Bring the strained broth/stock to a boil over medium high to high heat. It's at this point where you can decide if you want to add some newly cut up vegetables, herbs or chicken meat to your soup. Just bring the soup to a simmer and cook until the vegetables are tender before doing the next step.

Cooking the Matzo Balls:  You can take spoonfuls of the chilled mixture and roll them into whatever size you prefer, or you can just drop them free-form by rounded spoonfuls directly into the broth. They can be small, medium or large, depending on personal tastes. I like to use about 2 heaping tablespoons per Matzo Ball.

Simmer the matzo balls, uncovered, for about 25 or 30 minutes until they are cooked through. You can check them by inserting a wooden skewer (like testing a cake) or remove one to a plate and cut it in half with a knife. They should be firm and the centers should not be "wet" or doughy. You can freeze any leftover soup or matzo balls, but I would suggest that you freeze them separately. I take the matzo balls and place them on a lightly oiled baking sheet and put them in the freezer until they are frozen solid. I then place them in zip top freezer bags in quantities of 2 or 4 and  ladle the soup into containers that will serve 1 or 2 people. When I want to serve the soup later, I just put whatever amount of soup I need and a couple of matzo balls per person in a saucepan right from the freezer, and cook them over medium heat until everything is piping hot and ready to eat.

It seems there will always be an ongoing debate about whether or not Chicken Soup has any true medicinal benefits; especially in regard to the common cold. There are a few studies that claim that it works and just as many that refute those claims.
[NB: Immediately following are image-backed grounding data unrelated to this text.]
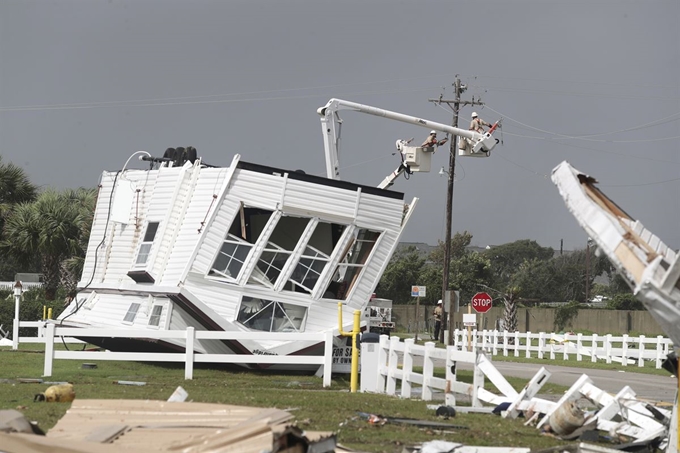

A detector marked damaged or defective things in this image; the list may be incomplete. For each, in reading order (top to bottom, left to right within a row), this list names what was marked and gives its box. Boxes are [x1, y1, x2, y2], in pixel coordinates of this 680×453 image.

broken window [136, 222, 161, 264]
broken window [210, 205, 274, 278]
broken window [322, 230, 380, 300]
broken window [123, 302, 141, 324]
broken window [147, 304, 163, 324]
broken window [236, 296, 306, 332]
Do I personally have any scientific proof that chicken soup can cure what ails you?  Nope.  Is it warm and rich and comforting when you're just not feeling well?  It sure is for me.

Sooo..... All I have to do now is figure out a way to convince the Carnegie Deli to deliver a couple hundred miles away! I suppose I could throw in a slice of their incredible New York Style Cheesecake to make it worth their while.  Do you think $20 is a big enough tip?